Après avoir perdu la vue, il a appris près de 48 métiers
De retour dans la capitale burkinabè, le jeune homme qu’il était à l’époque ne se laisse pas aller au découragement. Bien au contraire, il décide de s’inscrire à l’ABPAM (Association burkinabè pour la promotion des aveugles et des malvoyants) pour une formation de deux ans. A partir de là, plus rien ne pouvait encore l’arrêter. A peine majeur, il va enchaîner les formations. Saponification, élevage, agriculture, recherches sur la production de l’engrais, fabrication de pommade… bref; ce sont au total 48 métiers qu’il dit avoir appris dans des pays comme le Togo, le Ghana, le Mali et le Sénégal. Il est aussi le promoteur de l’Atelier savonnerie Sondo Saïdou (ASASA).
Petit à petit, le jeune Sondo s’adapte à sa nouvelle condition. Même s’il arrive à reprendre sa vie en main, il ne pouvait pas s’arrêter là, car grandes étaient ses ambitions. Son vœu le plus cher c’était de partager son expérience avec des personnes qui vivent dans des conditions pareilles aux siennes. Ce rêve, il le réalisera grâce au FAFPA (Fonds d’appui à la formation professionnelle et à l’apprentissage). «En écoutant un jour la radio, j’ai entendu parler de cette institution. J’ai alors décidé d’aller vers eux et de leur montrer mon savoir-faire. C’est alors que j’ai été pris comme formateur à leur niveau», nous a-t-il expliqué, en nous fixant de ses yeux rouges. Pour Blaise Oscar Ilboudo, directeur général du FAFPA, les compétences de M. Sondo ne sont plus à démontrer.
«Nous l’accompagnons depuis 2007, mais c’est en 2010 qu’il a commencé en tant que consultant. C’est une personne assez particulière. Malgré son handicap, il a pu acquérir un domicile, une voiture, il paie la scolarité de ses quatre enfants (dont l’âge est compris entre 4 et 14), il vit dignement», cite-t-il, entre autres. Mieux, il n’hésitera pas à ajouter que ce monsieur est pour eux un repère qui leur permet de dire aux personnes vivant avec un handicap de ne pas considérer leur situation comme une fatalité.
Z.S.
«Nous sommes tous des handicapés potentiels»

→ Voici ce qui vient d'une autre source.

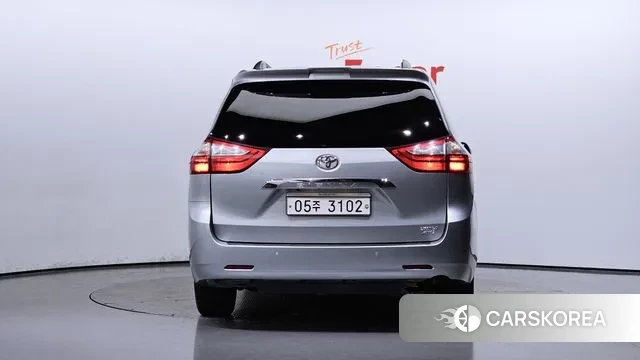 Toyota Sienna id 3071715 из Кореи 14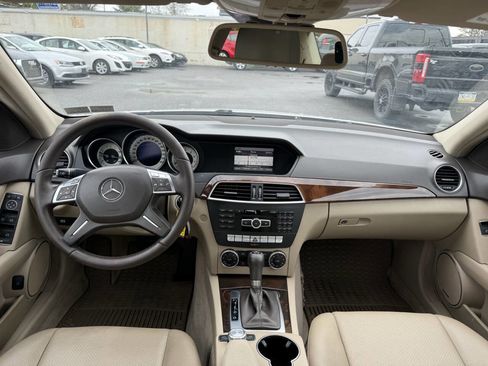 Used 2013 Mercedes-Benz C 300 4MATIC Sedan image 8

De 2008 à aujourd’hui, le promoteur d’ASASA a formé au total 422 personnes. A Arbolé, nous avons pu le voir à l’œuvre. C’était lors du lancement de la formation de 25 personnes vivant avec un handicap, membres de l’Association Songuitaaba des personnes handicapées(ASPH) de ladite localité. A cette occasion, le cinquantenaire, avec l’aide de son entourage qui a réuni les éléments nécessaires à ses côtés, a fait une démonstration en fabriquant, en à peine dix minutes, une bassine à moitié pleine de savon liquide. Il profitera de ce moment pour lancer un message invitant tous ceux qui vivent dans son cas à ne pas céder au découragement. A son avis, ça peut arriver à n’importe qui. «On peut être valide aujourd’hui, et demain se retrouver avec un handicap. Ça change la vie. Il faut s’adapter à la situation et apprendre à compter sur les autres», nous-a-t-il confié avant de conclure de la plus belle des manières : «Normalement, on regarde avec les yeux. Mais, quand on perd la vue, il faut apprendre à regarder avec le cœur».